Vous voulez dire qu'il n'y a aucune espèce de prise en considération de dialogue social, ni de l'un ni de l'autre ?
- "Je veux dire que c'est un mépris absolu pour les citoyens que sont tous les Français. L'idée qu'on puisse signer une décision comme celle là sans même leur en dire un mot est une idée pour moi absolument inacceptable..."

Mais est-ce que c'est révélateur ?
- "Eh bien, c'est révélateur de ce qu'ils sont, c'est révélateur de la conception du pouvoir qui est la leur. L'idée qu'ils se font du pouvoir, c'est qu'on décide en haut et que pour l'essentiel, on obéit en bas. Eh bien, ça n'est plus une idée acceptable."

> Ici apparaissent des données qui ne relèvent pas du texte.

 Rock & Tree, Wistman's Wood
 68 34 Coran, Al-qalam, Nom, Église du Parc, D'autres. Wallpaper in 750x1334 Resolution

Dans le sondage du Figaro, votre cote de confiance a gagné 9 points, à 35%, mais c'est une cote de confiance ; ça ne se retrouve pas dans les intentions de vote dans les derniers sondages...
- "La confiance fait forcément des voix. Si confiance il y a, elle fait forcément des voix. Le 21 avril est la date cruciale, la date-clef pour le changement, si les Français, comme je le crois, veulent un changement profond de la politique."

(source : Premier ministre, Service d'information du gouvernement, le 8 avril 2002)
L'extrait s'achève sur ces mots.